你当前正在访问 Microsoft Azure Global Edition 技术文档网站。如果需要访问由世纪互联运营的 Microsoft Azure 中国技术文档网站，请访问 https://docs.azure.cn。

迁移指南：Elasticsearch 到 Azure 数据资源管理器

项目
09/03/2023

在本指南中，你会了解如何使用Logstash将 Elasticsearch 数据迁移到 Azure 数据资源管理器。

在本指南中，要迁移的数据位于名为vehicle的 Elasticsearch 索引中，该索引具有以下数据架构：

{
  "Manufacturer": "string",
  "Model": "string",
  "ReleaseYear": "int",
  "ReleaseDate": "datetime"
}

先决条件

要将 Elasticsearch 数据迁移到 Azure 数据资源管理器，需要：

Microsoft 帐户或 Microsoft Entra 用户标识。无需 Azure 订阅。
Azure 数据资源管理器群集和数据库。可以创建免费群集或创建完整的群集。若要确定最适合你，请检查功能比较。
用于访问 Azure 数据资源管理器群集的应用 ID 和委派权限。有关详细信息，请参阅创建 Microsoft Entra 应用。需要应用 ID、机密和租户 ID 来配置 Logstash 管道。
Logstash 版本 6+ 安装说明。

预迁移

满足先决条件后，就已准备就绪，可以探索环境的拓扑并评估 Azure 云迁移的可行性了。

在 Azure 数据资源管理器群集中创建目标架构

要正确引入和构造用于查询和分析的数据，需要在 Azure 数据资源管理器群集中创建表架构和映射。

表的架构和要迁移的数据应匹配。
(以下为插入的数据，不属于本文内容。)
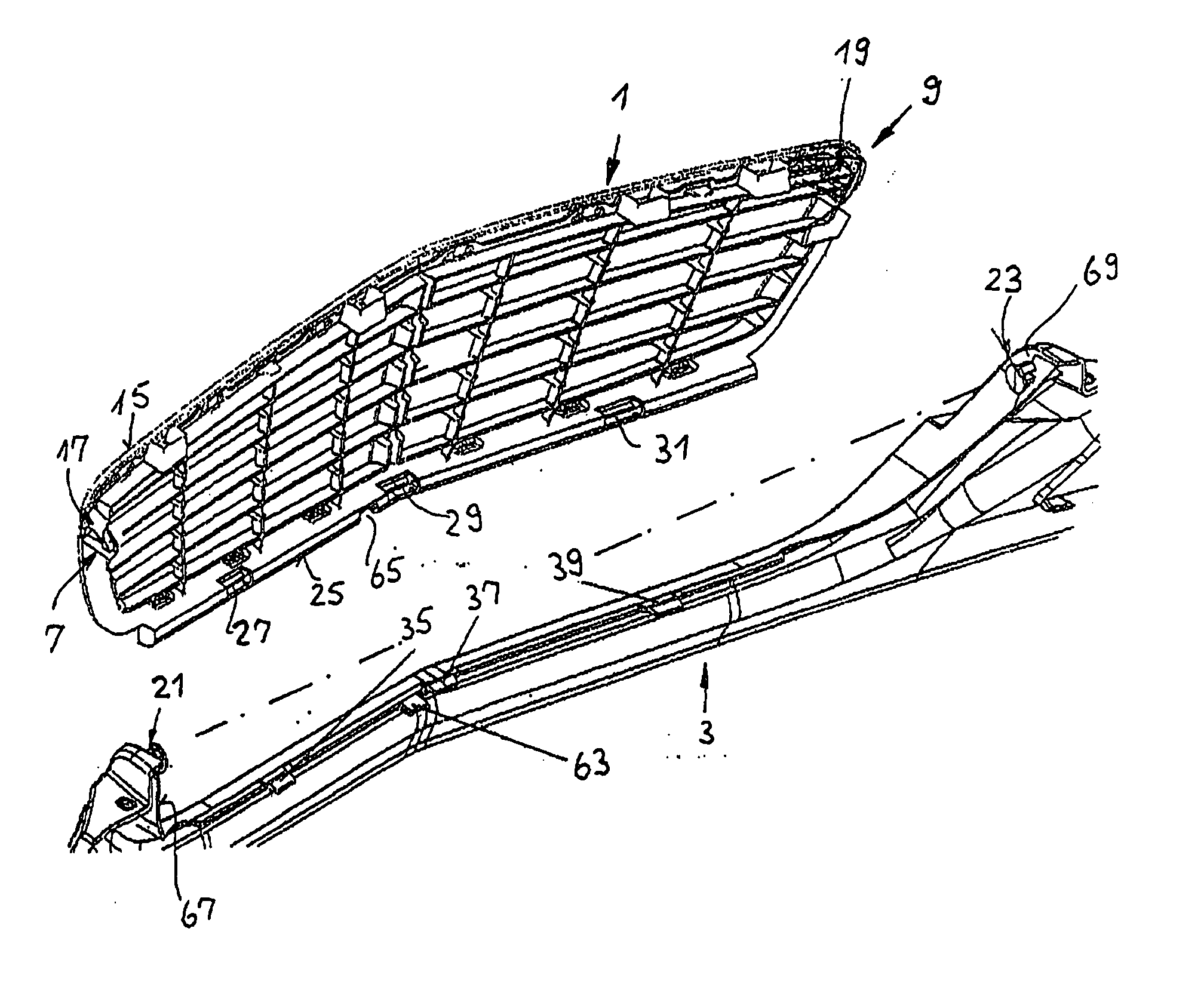 Mounting for a radiator casing in a motor vehicle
引入映射对于建立 ELK 中源列到表中目标列的映射非常重要。

要在群集中创建表架构和引入映射：

登录到 Azure 数据资源管理器 Web UI。
向群集添加连接。
选择要在其中为迁移数据创建表架构的数据库。

在数据库查询窗口中运行以下命令，以创建表架构。

.create tables Vehicle (
  Manufacturer: string,
  Model: string,
  ReleaseYear: int,
  ReleaseDate: datetime
  )

运行以下命令以创建引入映射。

.create table Vehicle ingestion json mapping 'VechicleMapping'
  '['
  '  {"column":"Manufacturer", "path":"$.manufacturer"},'
  '  {"column":"Model", "path":"$.model"},'
  '  {"column":"ReleaseYear", "path":"$.releaseYear"},'
  '  {"column":"ReleaseDate", "path":"$.releaseDate"}'
  ']'

准备用于迁移的 Logstash

将数据迁移到 Azure 数据资源管理器群集时，必须正确设置Logstash 管道。管道可确保数据格式正确并传输到目标表。

如果需要从多个 Elasticsearch 群集或索引移动数据，可以在管道配置文件中创建多个输入节。为此，可以为每个 Elasticsearch 群集或索引定义输入部分，并根据需要使用标记对其进行分类。然后，可以在“输出”部分的条件语句中使用这些标记，从而将这些数据集定向到特定的 Azure 数据资源管理器群集表

要设置 Logstash 管道：

在命令 shell 中，导航到 Logstash 根目录，然后运行以下命令以安装Logstash 输出插件。有关插件的详细信息，请参阅从 Logstash 引入数据。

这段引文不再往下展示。